-------- RECORD SET --------

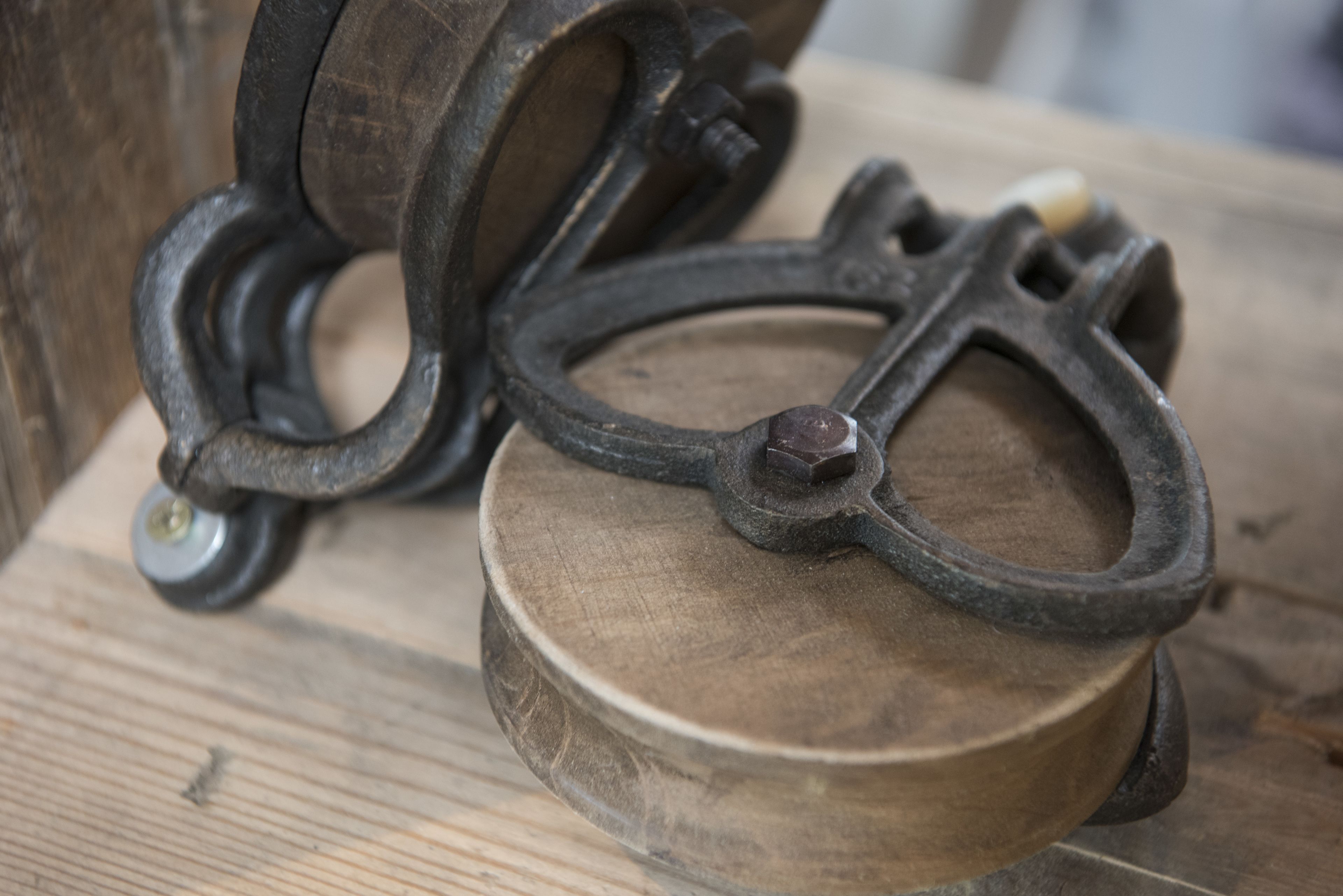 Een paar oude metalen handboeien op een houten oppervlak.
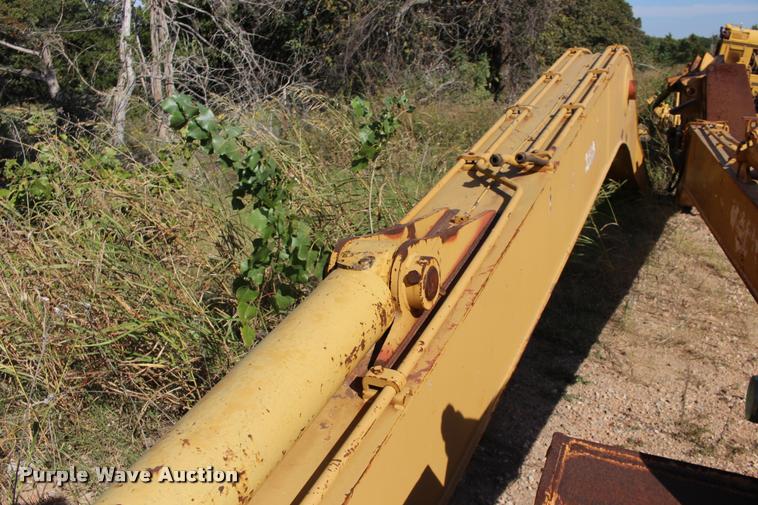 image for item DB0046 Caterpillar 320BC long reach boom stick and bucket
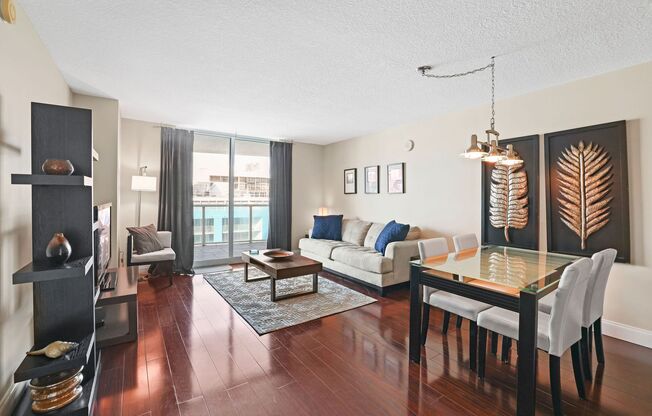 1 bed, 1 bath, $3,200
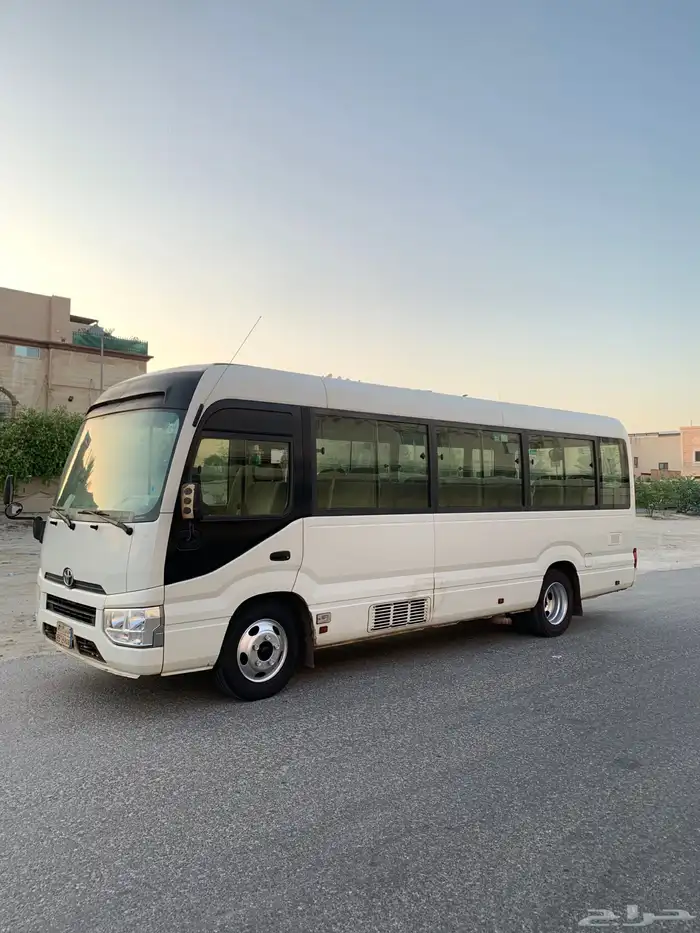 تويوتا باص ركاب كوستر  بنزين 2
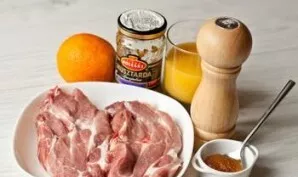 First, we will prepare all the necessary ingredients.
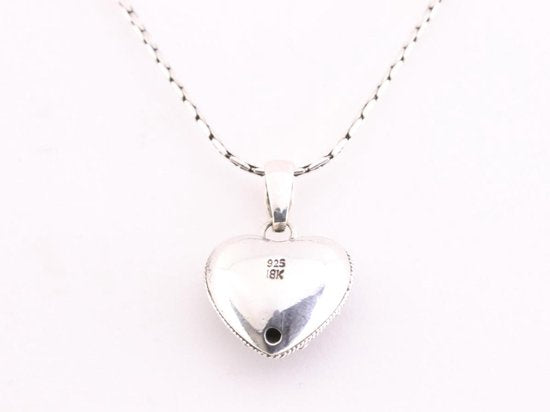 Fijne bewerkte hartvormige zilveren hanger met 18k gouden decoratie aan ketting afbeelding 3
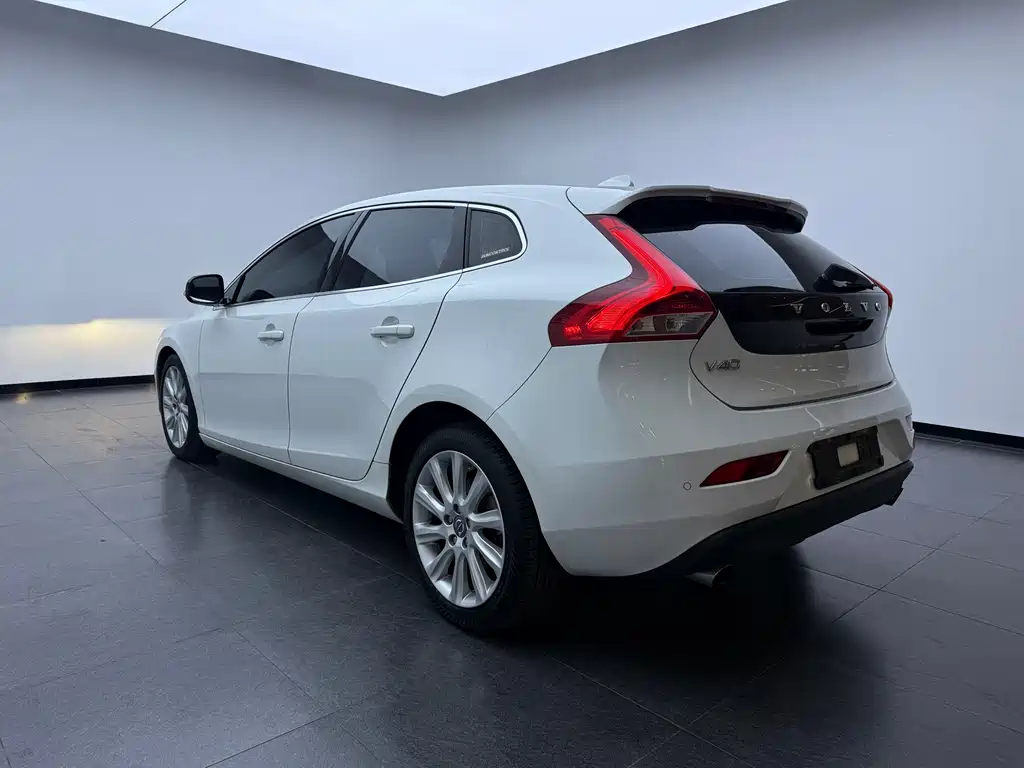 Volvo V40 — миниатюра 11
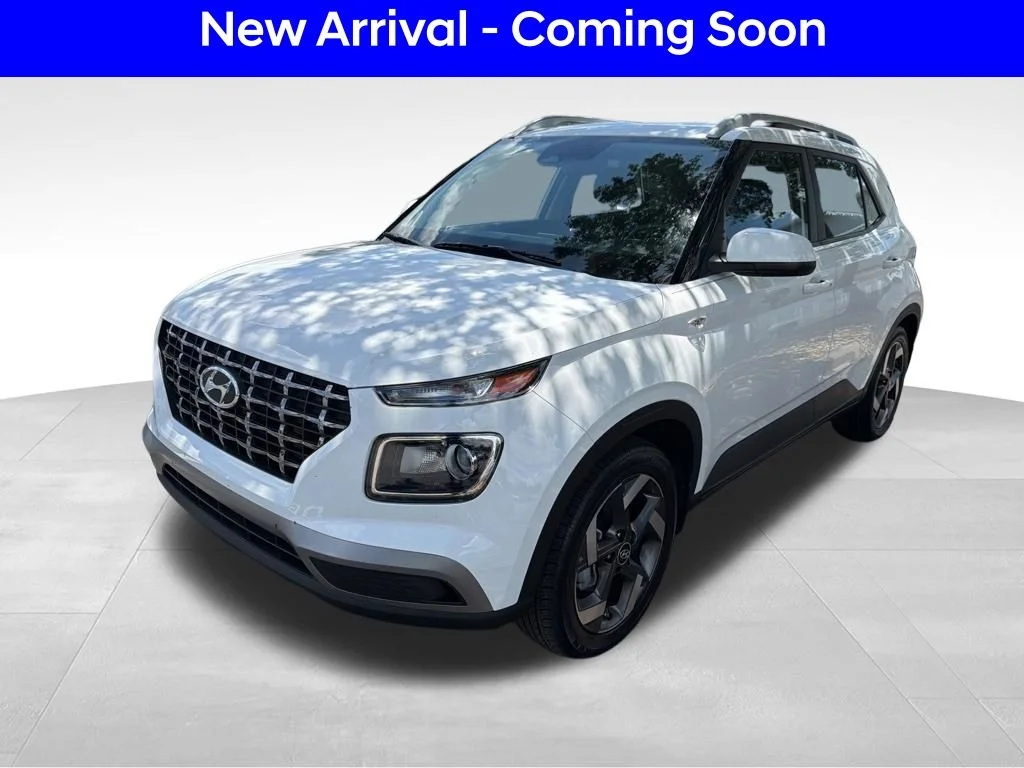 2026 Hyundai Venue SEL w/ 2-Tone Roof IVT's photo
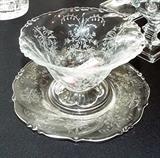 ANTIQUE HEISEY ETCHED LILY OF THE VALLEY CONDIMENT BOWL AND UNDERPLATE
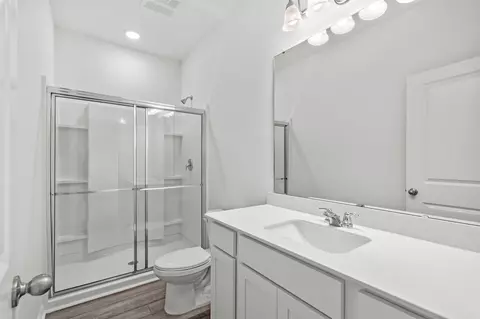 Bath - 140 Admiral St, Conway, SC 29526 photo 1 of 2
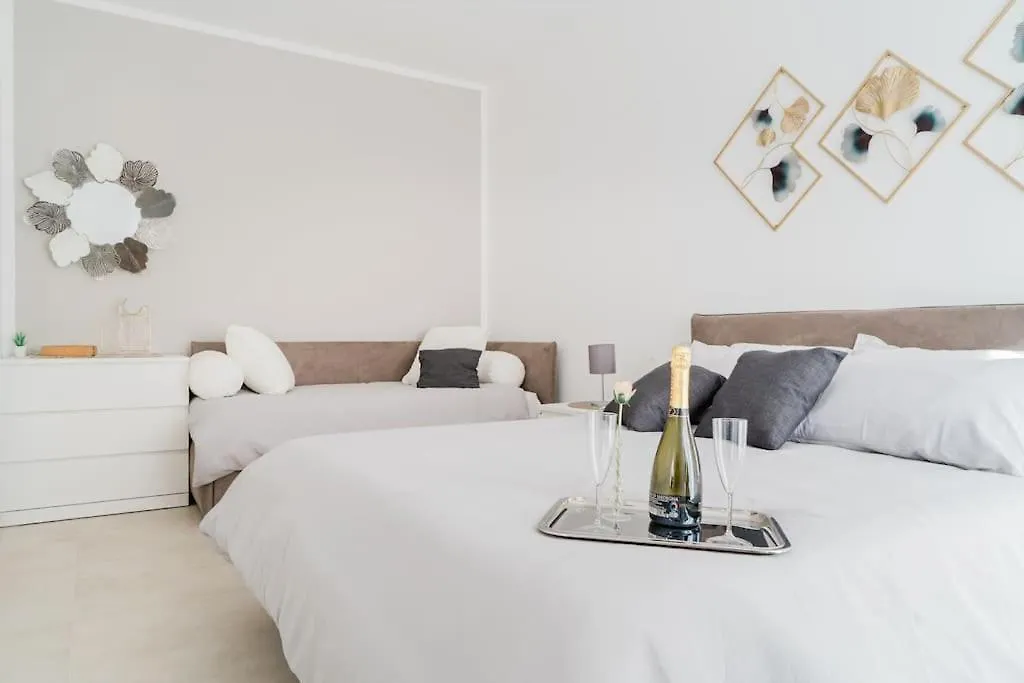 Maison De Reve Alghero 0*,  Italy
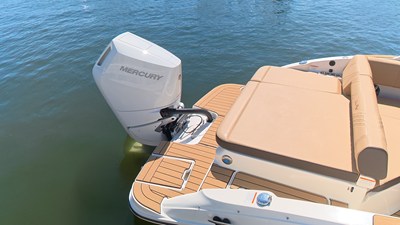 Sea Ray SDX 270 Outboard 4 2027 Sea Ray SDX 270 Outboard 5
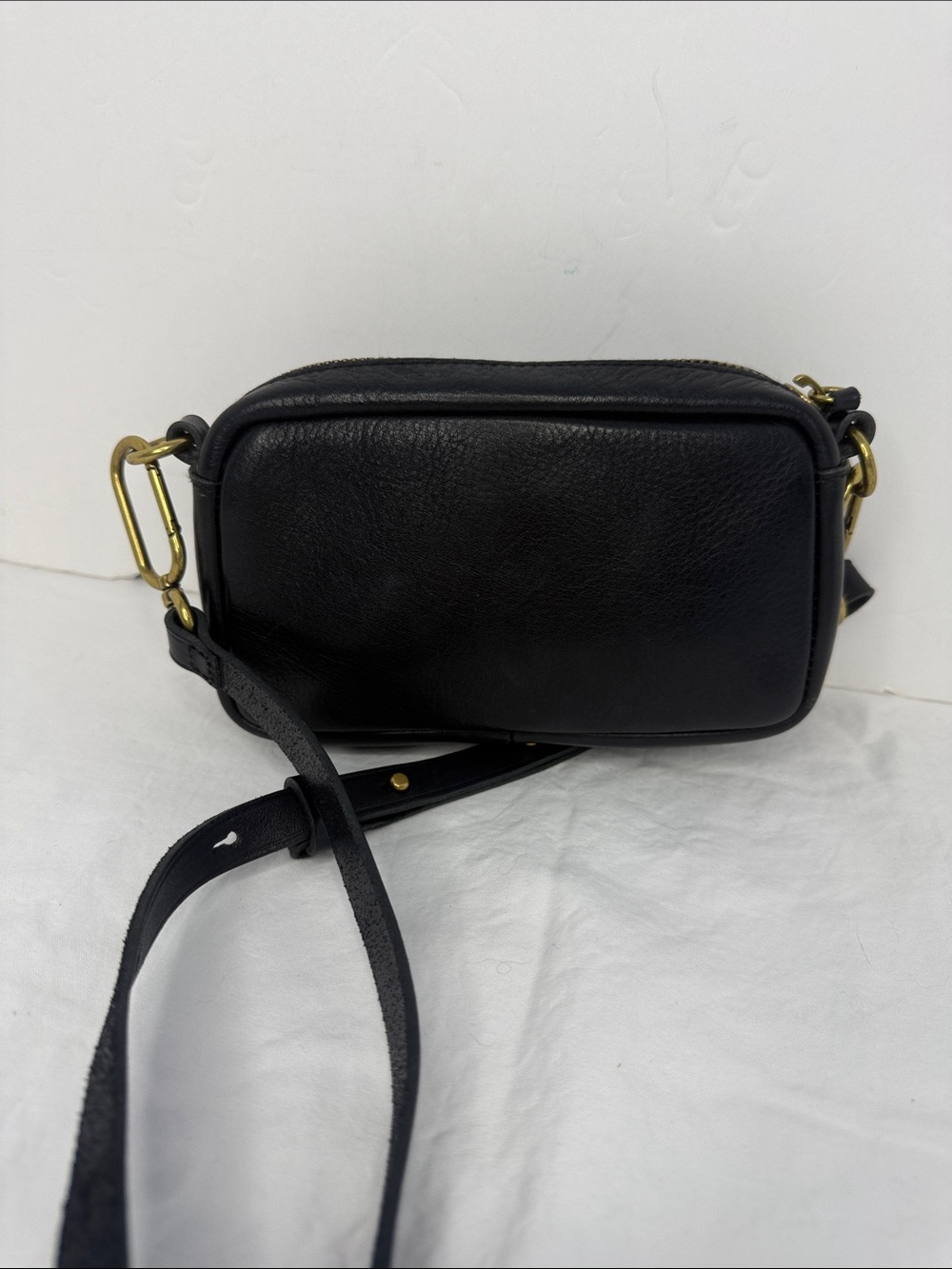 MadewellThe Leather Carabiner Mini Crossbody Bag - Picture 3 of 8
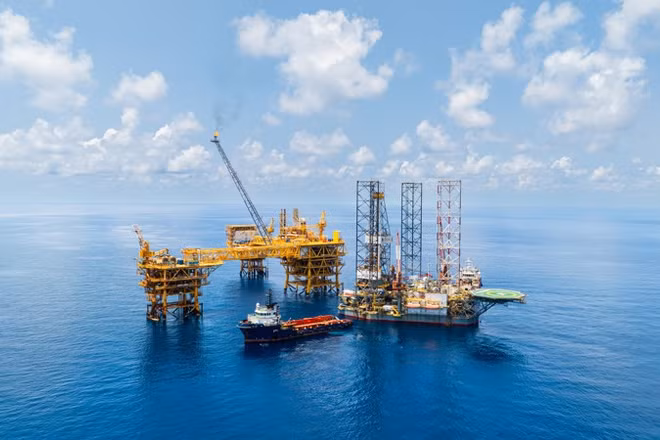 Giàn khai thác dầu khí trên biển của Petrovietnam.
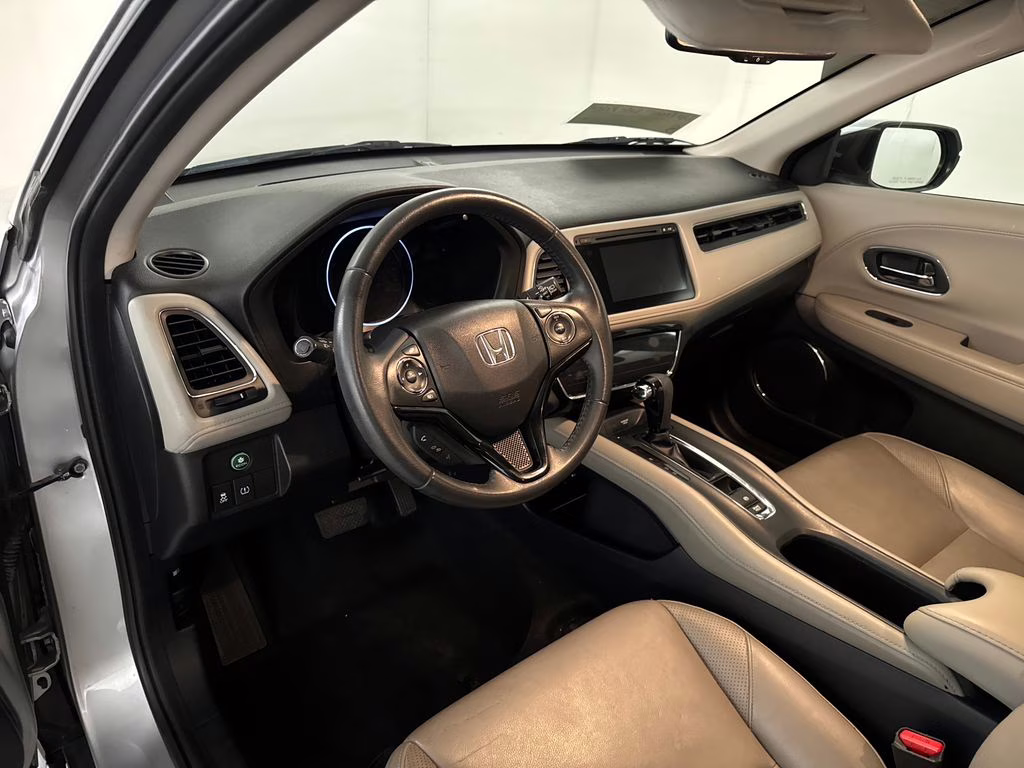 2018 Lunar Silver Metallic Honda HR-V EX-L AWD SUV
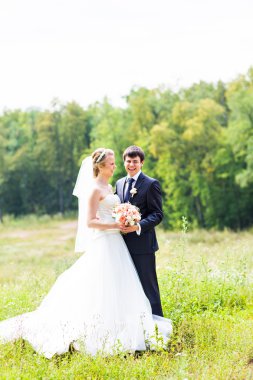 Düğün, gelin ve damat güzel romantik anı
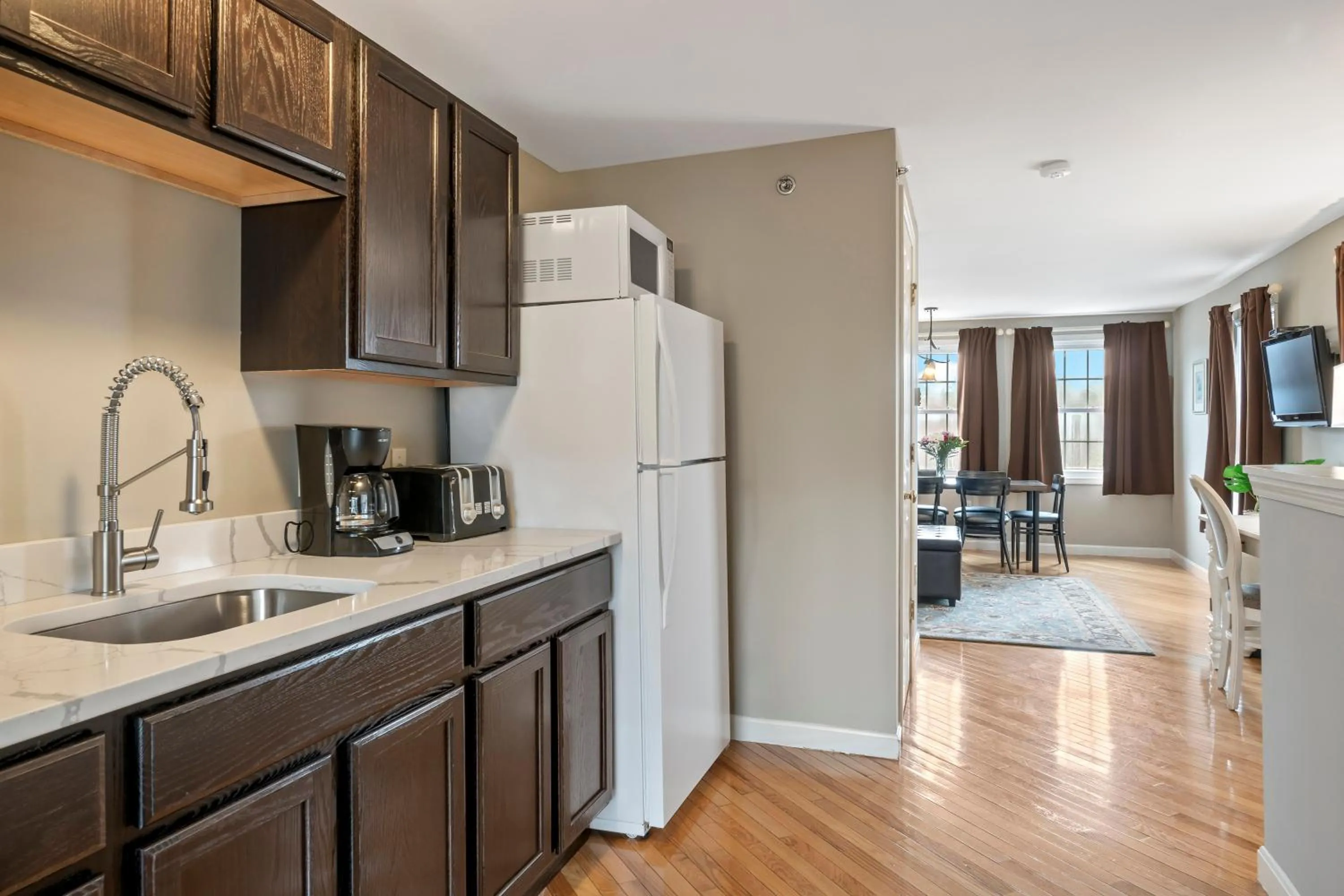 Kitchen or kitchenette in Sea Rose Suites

--------

## WORK ORDER
Beginning at the line that contains "Maison De Reve", copy each remaining line of the records exactly, through the final one. Omit the pictures.

## RESULT OF THE TASK
 Maison De Reve Alghero 0*,  Italy
 Sea Ray SDX 270 Outboard 4 2027 Sea Ray SDX 270 Outboard 5
 MadewellThe Leather Carabiner Mini Crossbody Bag - Picture 3 of 8
 Giàn khai thác dầu khí trên biển của Petrovietnam.
 2018 Lunar Silver Metallic Honda HR-V EX-L AWD SUV
 Düğün, gelin ve damat güzel romantik anı
 Kitchen or kitchenette in Sea Rose Suites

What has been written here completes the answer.